* **Task to carry out**: Begin at the line containing "FRONT RIGHT DOOR" in the records below, end at the line containing "UEFA EURO 2008 - Xbox 360 - Super Retro", and retype each line in that span exactly. No other line and no image should appear.

* **Records for the exercise**:
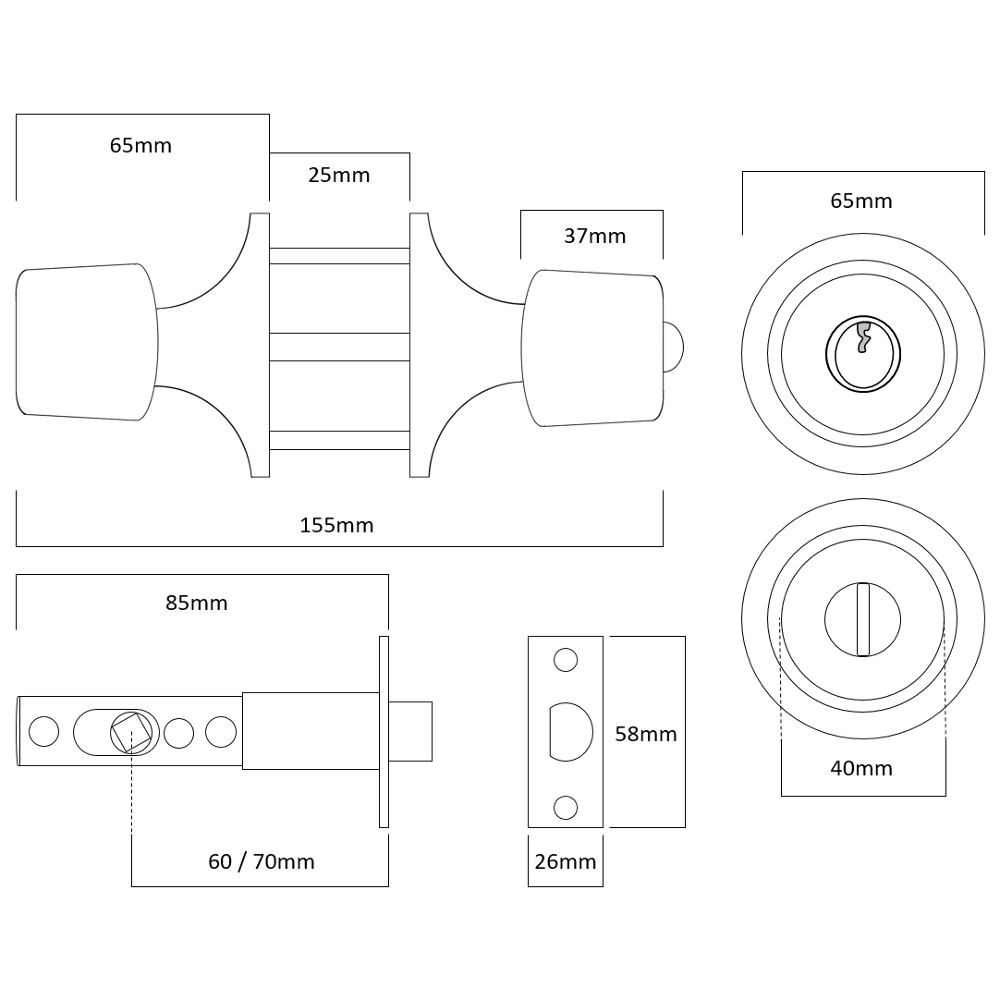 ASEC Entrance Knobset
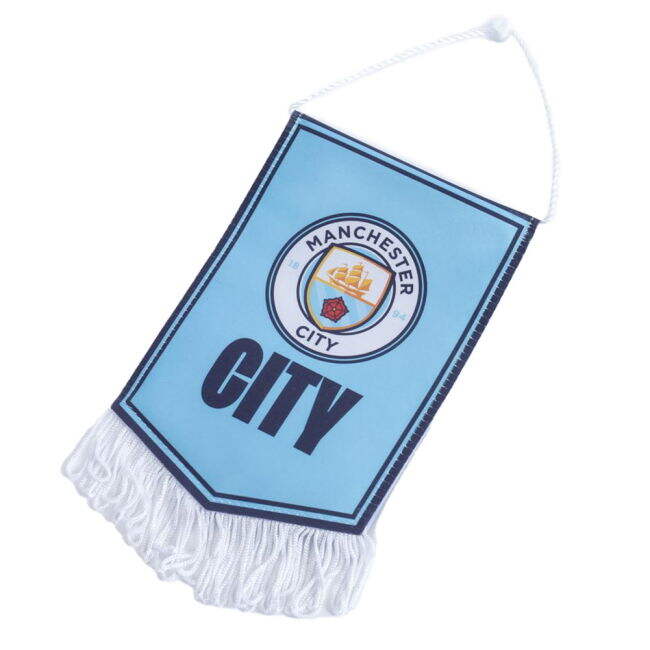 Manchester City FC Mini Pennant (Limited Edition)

* * *

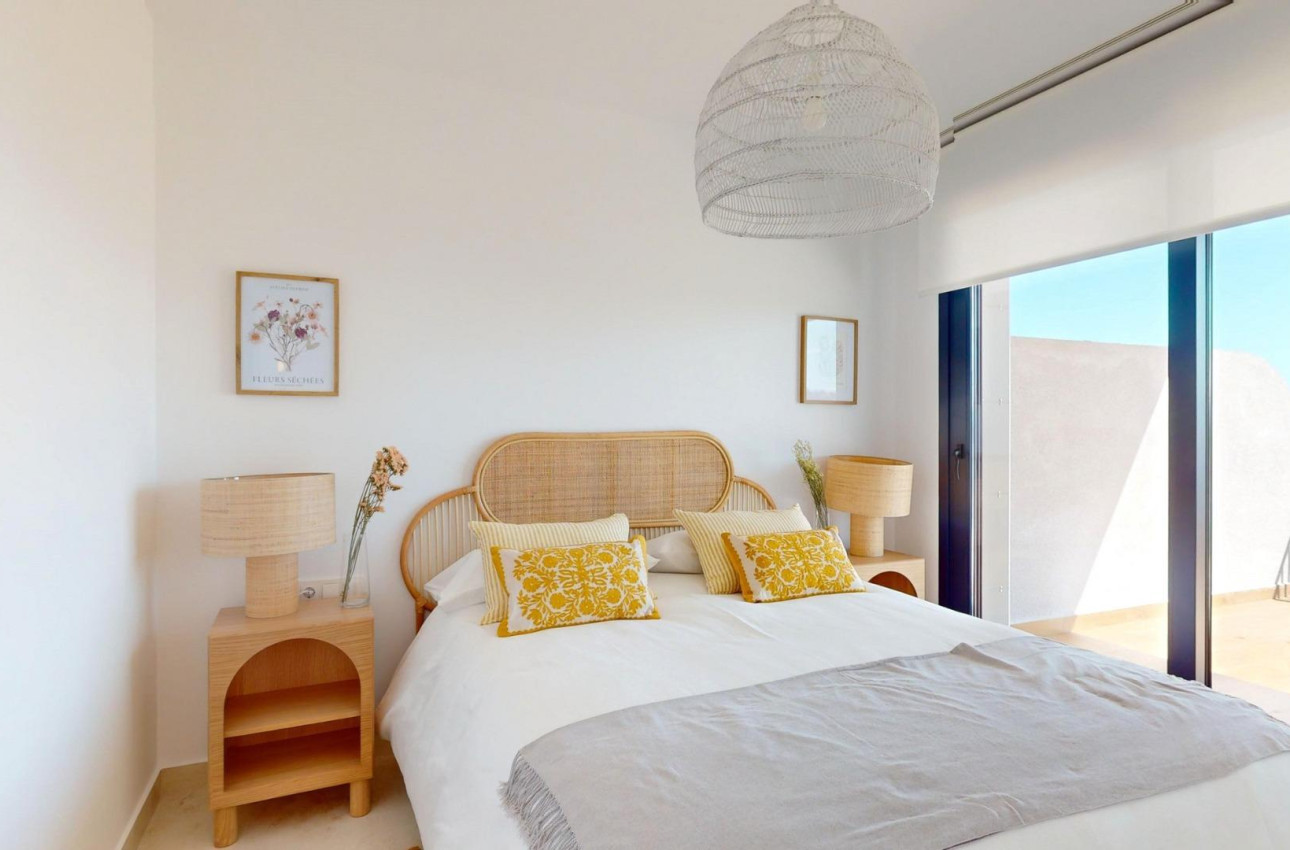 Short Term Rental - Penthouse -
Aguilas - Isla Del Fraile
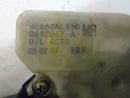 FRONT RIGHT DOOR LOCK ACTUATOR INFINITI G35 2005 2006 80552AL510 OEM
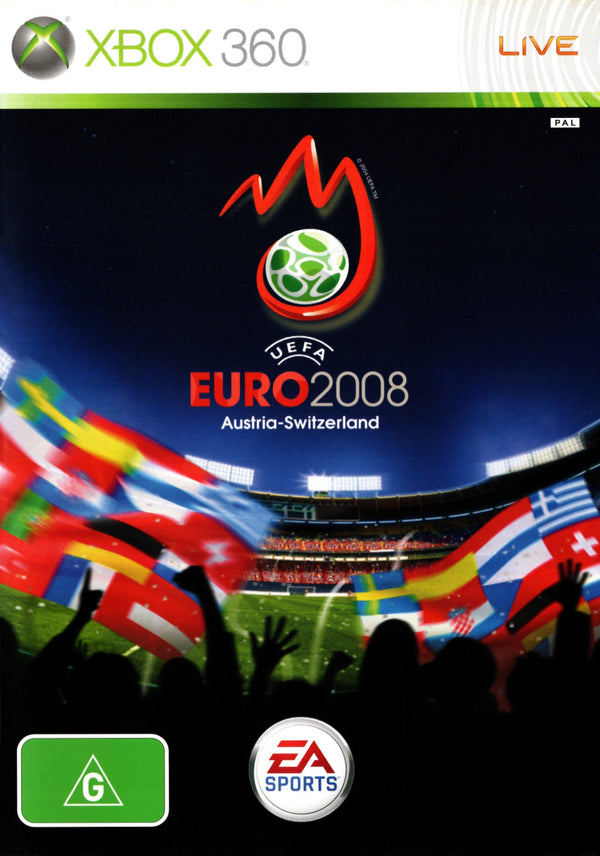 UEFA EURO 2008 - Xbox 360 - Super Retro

* **Task answer**:
 FRONT RIGHT DOOR LOCK ACTUATOR INFINITI G35 2005 2006 80552AL510 OEM
 UEFA EURO 2008 - Xbox 360 - Super Retro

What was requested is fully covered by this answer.